RELATOS PREMIADOS DEL II CERTAMEN LA HIGUERA OPAÑELERA

Como ya avanzamos en el número anterior, publicamos en esta edición los relatos ganadores de las dos categorías del II Certamen de relatos La Higuera Opañelera. El ganador de la categoría de 11 a 15 años fue Un día cualquiera, escrito por "Rosas Rojas" (Carlota Coelho de la Rosa), del colegio Vedruna; y el de la categoría de hasta 10 años fue El reino de las cigüeñas, escrito por "Capitán 14", del Colegio Arcipreste de Hita. Nuestra enhorabuena a los premiados y a todos los participantes por atreverse a descubrir un placer como el de la escritura, tan maravilloso que hace posible otro no menos mágico: el de la lectura.
 

Un lunes cualquiera

'Rosas Rojas' (ganador 11-15 años)

Todo empezó un lunes. Sabía que los lunes eran conocidos casi mundialmente como el peor día de la semana, pero en mi caso sería el mejor día de mi vida. Al llegar a casa del colegio, estaba muy ilusionada. Mi madre se fue a la guerra como cirujana del Ejército, en Iraq. Se fue hace tres meses. Realmente no entiendo el motivo de su ida, ella es una gran cardiocirujana, supongo que pensó que ahí, con la adrenalina, trabajaría mejor. Quizá tiene algo que ver con la muerte de papá; desde que se fue nada es igual. Bueno, da igual el motivo de su ida, lo que me importa ahora es que va a volver hoy, por fin, después de tres largos meses.

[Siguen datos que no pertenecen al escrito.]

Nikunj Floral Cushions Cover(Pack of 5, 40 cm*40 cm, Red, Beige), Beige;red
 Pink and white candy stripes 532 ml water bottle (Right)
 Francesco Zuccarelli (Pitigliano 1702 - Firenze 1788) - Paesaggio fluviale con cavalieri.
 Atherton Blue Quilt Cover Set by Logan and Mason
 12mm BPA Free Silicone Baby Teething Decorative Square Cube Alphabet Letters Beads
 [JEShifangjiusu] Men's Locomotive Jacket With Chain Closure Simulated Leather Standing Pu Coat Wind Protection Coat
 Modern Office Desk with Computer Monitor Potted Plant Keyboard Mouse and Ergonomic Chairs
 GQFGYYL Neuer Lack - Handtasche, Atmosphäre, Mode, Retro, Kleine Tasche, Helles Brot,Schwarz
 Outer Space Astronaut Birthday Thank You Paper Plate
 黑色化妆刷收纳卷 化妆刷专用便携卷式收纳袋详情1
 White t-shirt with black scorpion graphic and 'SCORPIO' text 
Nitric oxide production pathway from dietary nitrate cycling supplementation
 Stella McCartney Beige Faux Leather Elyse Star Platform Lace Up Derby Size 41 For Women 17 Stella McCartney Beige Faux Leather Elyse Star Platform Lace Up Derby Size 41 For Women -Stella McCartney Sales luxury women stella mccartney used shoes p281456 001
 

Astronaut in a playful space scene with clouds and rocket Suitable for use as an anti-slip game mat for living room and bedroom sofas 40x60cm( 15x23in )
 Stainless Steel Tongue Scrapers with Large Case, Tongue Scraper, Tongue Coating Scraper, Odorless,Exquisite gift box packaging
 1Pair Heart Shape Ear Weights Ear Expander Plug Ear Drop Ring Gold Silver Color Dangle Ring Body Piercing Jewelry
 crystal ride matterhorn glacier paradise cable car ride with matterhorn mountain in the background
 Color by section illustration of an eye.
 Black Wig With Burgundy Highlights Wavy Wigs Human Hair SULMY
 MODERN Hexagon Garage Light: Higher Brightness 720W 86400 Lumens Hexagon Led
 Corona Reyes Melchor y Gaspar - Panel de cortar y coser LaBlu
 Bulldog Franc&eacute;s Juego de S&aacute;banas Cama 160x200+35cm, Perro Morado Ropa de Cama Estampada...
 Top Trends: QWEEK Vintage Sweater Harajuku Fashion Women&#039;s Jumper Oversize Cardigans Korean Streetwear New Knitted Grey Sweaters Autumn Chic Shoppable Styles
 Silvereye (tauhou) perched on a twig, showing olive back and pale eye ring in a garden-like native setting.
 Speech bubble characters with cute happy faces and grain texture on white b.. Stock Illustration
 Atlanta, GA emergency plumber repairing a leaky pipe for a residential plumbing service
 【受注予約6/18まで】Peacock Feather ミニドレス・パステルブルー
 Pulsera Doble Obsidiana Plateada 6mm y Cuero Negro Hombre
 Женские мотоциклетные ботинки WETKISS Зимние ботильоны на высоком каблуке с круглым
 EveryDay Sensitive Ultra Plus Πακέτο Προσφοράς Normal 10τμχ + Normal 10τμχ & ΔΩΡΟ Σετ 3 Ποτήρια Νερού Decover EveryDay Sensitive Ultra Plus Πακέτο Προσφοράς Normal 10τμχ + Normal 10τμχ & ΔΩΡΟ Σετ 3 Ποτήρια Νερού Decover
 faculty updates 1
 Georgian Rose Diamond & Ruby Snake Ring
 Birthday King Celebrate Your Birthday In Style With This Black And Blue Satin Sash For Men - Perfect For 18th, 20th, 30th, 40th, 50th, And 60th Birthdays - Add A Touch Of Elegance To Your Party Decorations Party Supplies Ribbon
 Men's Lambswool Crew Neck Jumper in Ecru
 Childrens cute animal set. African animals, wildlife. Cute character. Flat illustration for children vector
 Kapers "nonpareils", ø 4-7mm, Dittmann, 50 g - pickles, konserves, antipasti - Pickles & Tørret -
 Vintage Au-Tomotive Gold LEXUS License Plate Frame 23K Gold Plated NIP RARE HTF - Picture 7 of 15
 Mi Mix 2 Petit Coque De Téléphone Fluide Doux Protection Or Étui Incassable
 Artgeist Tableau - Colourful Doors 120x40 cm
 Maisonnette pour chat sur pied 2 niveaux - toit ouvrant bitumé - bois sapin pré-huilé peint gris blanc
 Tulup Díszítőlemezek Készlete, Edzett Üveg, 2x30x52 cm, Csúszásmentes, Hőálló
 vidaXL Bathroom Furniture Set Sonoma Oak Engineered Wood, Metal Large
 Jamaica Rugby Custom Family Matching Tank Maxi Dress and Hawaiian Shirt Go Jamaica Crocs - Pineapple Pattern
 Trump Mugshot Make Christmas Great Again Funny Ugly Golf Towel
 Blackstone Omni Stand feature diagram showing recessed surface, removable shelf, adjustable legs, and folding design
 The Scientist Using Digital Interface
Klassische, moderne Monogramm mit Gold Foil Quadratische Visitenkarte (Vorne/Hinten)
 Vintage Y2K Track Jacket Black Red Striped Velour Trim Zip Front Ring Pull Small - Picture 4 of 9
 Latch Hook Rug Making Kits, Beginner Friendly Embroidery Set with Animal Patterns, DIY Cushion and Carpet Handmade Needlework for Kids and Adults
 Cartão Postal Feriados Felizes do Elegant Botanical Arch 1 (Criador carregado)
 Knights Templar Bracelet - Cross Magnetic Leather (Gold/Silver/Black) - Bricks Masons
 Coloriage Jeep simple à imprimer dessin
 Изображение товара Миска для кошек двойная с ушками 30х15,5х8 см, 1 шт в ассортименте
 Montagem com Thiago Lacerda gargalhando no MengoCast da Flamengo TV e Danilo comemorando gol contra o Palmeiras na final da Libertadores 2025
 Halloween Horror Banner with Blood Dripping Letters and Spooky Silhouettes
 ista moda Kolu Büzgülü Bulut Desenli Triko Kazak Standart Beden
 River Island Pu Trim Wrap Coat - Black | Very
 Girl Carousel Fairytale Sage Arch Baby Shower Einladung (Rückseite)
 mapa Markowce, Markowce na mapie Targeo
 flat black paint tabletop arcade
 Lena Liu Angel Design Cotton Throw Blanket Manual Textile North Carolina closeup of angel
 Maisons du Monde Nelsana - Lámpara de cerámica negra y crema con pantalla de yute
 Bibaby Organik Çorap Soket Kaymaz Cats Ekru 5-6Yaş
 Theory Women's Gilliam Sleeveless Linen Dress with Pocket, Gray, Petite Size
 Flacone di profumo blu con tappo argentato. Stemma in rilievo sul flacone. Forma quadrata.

Aún no me he presentado: soy Jane, Jane Curie. Nací en Chamonix-Mont-Blanc, Francia, pero a los cuatro años vine a Seattle, Washington, que es donde resido actualmente. Estoy cursando 3º de ESO, y creo que a la vez entrando en depresión, no sé, todo es raro desde que se fue papá. Cada vez bajo más mis notas escolares, me dan menos ganas de atender y entender, solo quiero verle. Nací con un bisturí en la mano, así que por supuesto iré a la facultad de Medicina, para ser cirujana. Me gusta dibujar, voy a ir a una academia de bellas artes. Papá estará orgulloso de mí cuando vaya. También toco el piano, me enseña mamá. Ahora estamos a finales de curso, quedan cuatro exámenes para acabar todo, después me iré con mamá de vacaciones, espero que a la playa.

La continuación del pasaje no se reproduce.